PESAN PRESIDEN SAAT PENGEMBANGAN KAWASAN PARIWISATA MANDALIKA Oleh Anwar Maga

id

Mataram, (ANTARA) - "Jangan hari ini tanda tangan MoU tapi kemudian 'goodbye.' Itu sama dengan menyandera. Yang lain tidak bisa mengerjakan, sementara yang sudah menandatangani MoU tidak kunjung melaksanakan apa yang sudah dijanjikan," kata Presiden Susilo Bambang Yudhoyono.
Presiden mengemukakan hal itu ketika meresmikan dimulainya pembangunan kawasan pariwisata Mandalika, yang terletak di Desa Kuta, Kecamatan Pujut, Kabupaten Lombok Tengah, Provinsi Nusa Tenggara Barat (NTB), Jumat (21/10).
Presiden mengingatkan para investor untuk serius memenuhi komitmennya dalam pengembangan suatu kawasan wisata dan tidak "menyandera" pembangunan.
Selain itu, semua pihak diharapkan dapat bekerja sama secara serius agar seluruh investasi dalam pengembangan kawasan pariwisata Mandalika itu terlaksana sesuai harapan.
"Negara kita banyak yang tersandera seperti itu. Entah 15 atau 10 tahun yang lalu, investor mendapatkan konsesi untuk melakukan usaha di Indonesia namun mereka lalai, tidak dikerjakan, merugi," katanya.
Presiden khawatir, apabila itu yang terjadi, rakyat tidak memperoleh apa-apa, sementara pihak lain yang ingin mengelola terkendala alasan hukum dan alasan logis lain-lain.
"Inilah yang harus kita bersihkan di negeri ini. Jangan serakah mendapatkan izin di mana-mana, tapi tidak konsekuen dan tidak dilaksanakan," ujarnya.
Semestinya kawasan pariwisata Mandalika yang secara geografis berhadapan langsung dengan Samudera Hindia dan memiliki pantai berpasir putih sepanjang 7,5 kilometer itu, digarap investor Dubai yakni Emaar Properties, LLC, sejak beberapa tahun lalu.

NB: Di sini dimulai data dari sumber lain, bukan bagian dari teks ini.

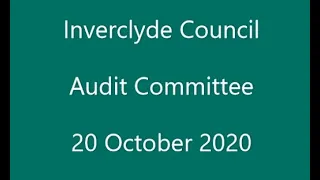 Audit Committee 20 October 2020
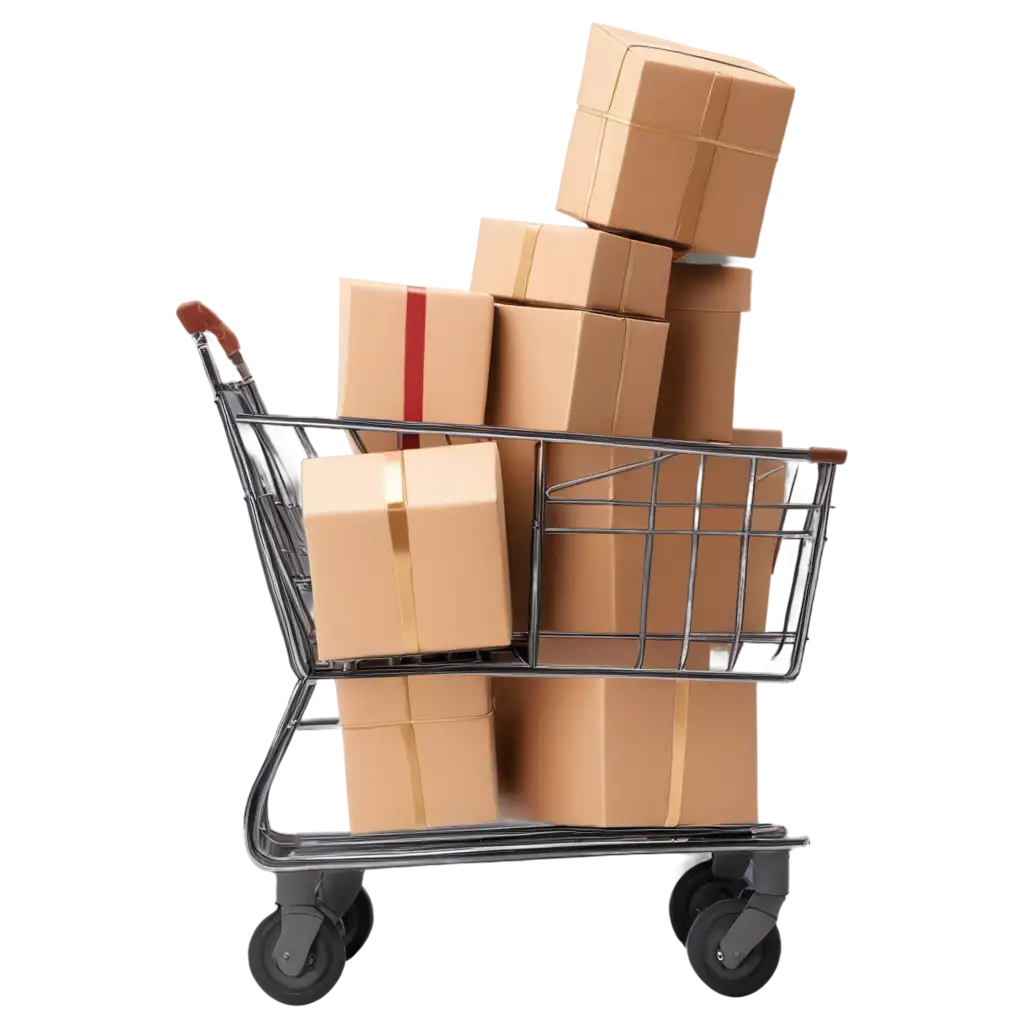 PNG-Image-Shopping-Cart-Full-of-Brown-Packages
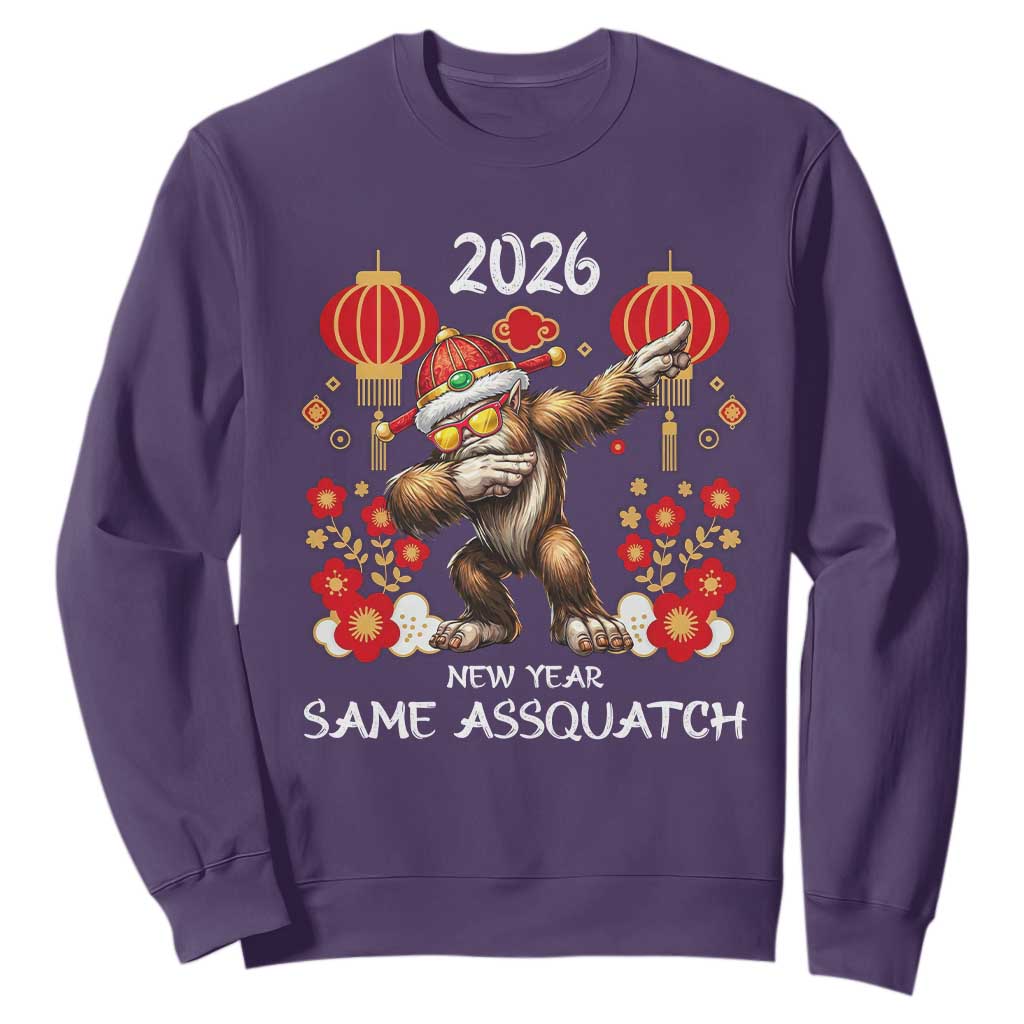 Bigfoot Lunar New Year Sweatshirt Funny Same Assquatch TS12 Purple Print Your Wear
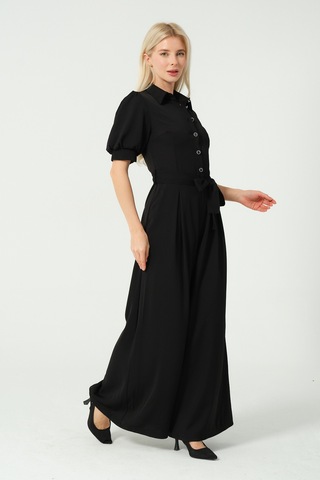 Balon Kol Bağcık Detaylı Tulum Siyah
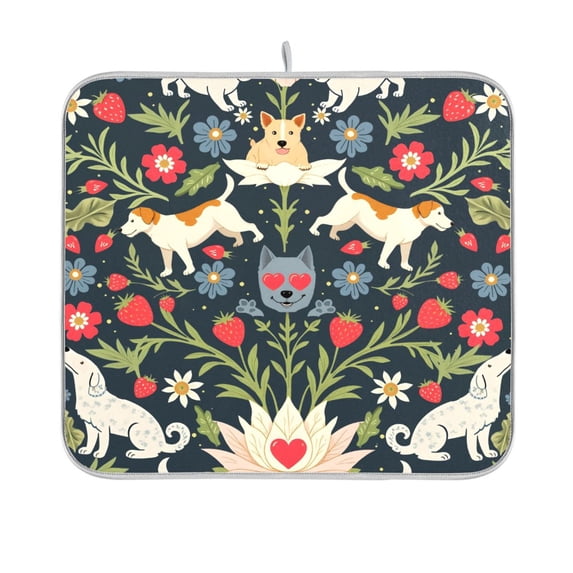 Yayeee Dish Drying Mat for Kitchen Counter 16"x18" Microfiber Absorbent Pad, Floral Dogs Pattern
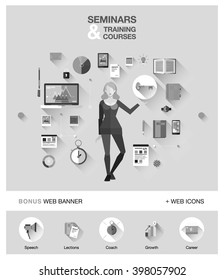 Bright technology education set of flat concepts icons for training and courses with business woman in red dress in business, finance, consulting, management, human resources, career, staff training
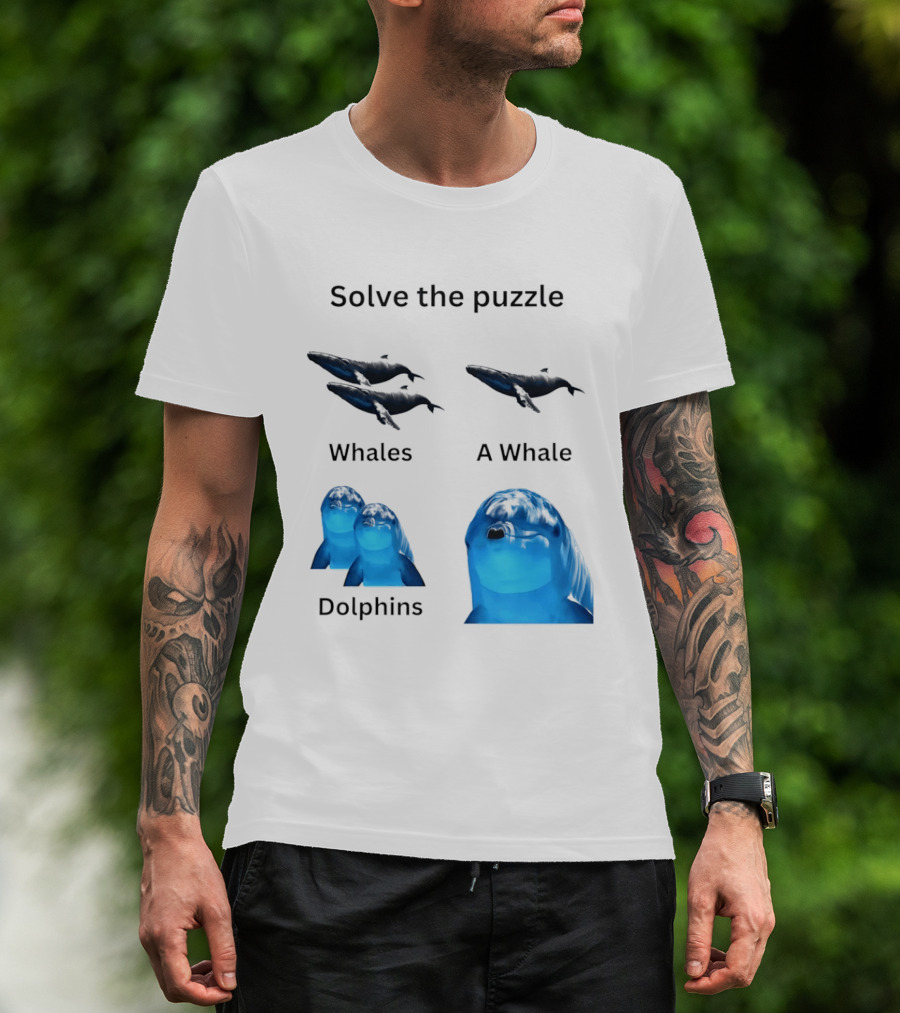 Solve The Puzzle Whales A Whale Dolphins Wordplay T-Shirt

Emaar berencana mengembangkan kawasan pariwisata terpadu di daerah itu, dengan nilai investasi sebesar Rp21 triliun untuk jangka waktu waktu 15 tahun (tiga periode), dengan nilai investasi tujuh triliun rupiah.

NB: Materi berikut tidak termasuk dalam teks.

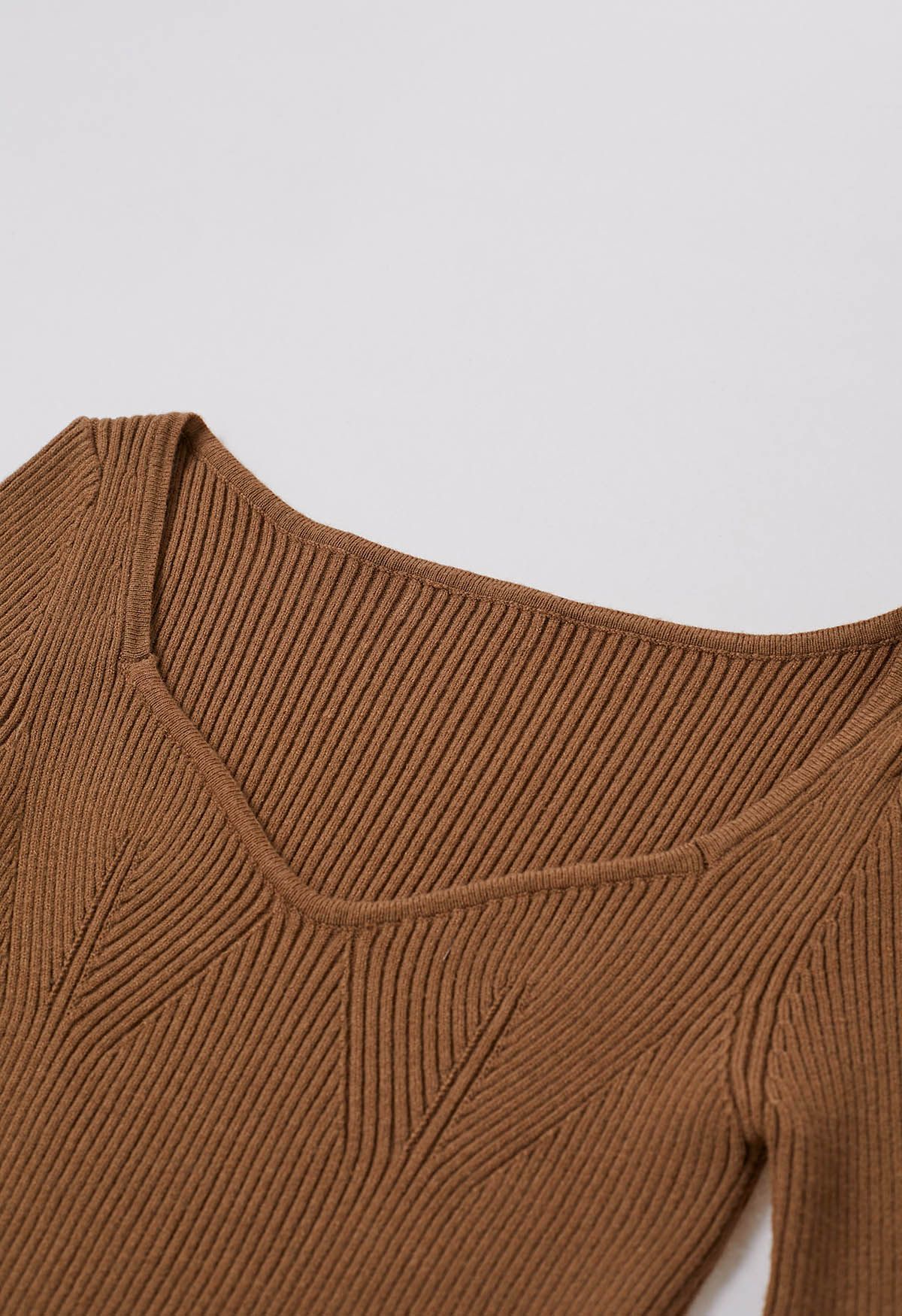 Wavy Neckline Feather Trim Cuffs Knit Top in Tan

Pemerintah Indonesia yang diwakili BUMN PT Bali Tourism Development Coorporation (BTDC) dan Pemerintah Dubai yang diwakili Emaar Properties LLC, menandatangani nota kesepahaman (MoU) pengembangan kawasan wisata terpadu di Pulau Lombok itu, pada 19 Maret 2008.
Bahkan, rencana detail investasi periode pertama yakni pengembangan wisata terpadu di kawasan Mandalika Lombok, itu telah disusun Emaar dan BTDC, yang nantinya akan 'dieksekusi' oleh perusahaan patungan yang diberi nama PT Emaar-BTDC.

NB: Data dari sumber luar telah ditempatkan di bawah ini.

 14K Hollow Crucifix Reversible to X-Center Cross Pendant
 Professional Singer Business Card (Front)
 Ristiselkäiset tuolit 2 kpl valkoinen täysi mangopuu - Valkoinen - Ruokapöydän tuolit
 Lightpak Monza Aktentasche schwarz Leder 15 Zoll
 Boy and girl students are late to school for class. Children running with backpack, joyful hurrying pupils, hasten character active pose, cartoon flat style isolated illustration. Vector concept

Sesuai kesepakatan awal, dalam perusahaan patungan itu Pemerintah Indonesia memiliki 15 persen saham sebagai kompensasi penggunaan lahan seluas 1.250 hektare.
Dari komposisi 15 persen saham itu, Pemda NTB (Provinsi dan Kabupaten Lombok Tengah) berhak atas kepemilikan 35 persen, sisanya milik pemerintah pusat.
Untuk tahap awal realisasi fisik, Emaar berencana membangun dua unit hotel mewah yang diberi nama Georgio Armani dan Ritz, kondominium dan lapangan golf pada areal seluas 450 hektare dari total 1.250 hektare lahan yang dibutuhkan.
Konsekuensi yang harus dipenuhi Pemerintah Indonesia atas rencana investasi puluhan triliun rupiah itu, antara lain penataan infrastruktur pendukung seperti jalan akses kawasan Mandalika itu dan bandara yang representatif.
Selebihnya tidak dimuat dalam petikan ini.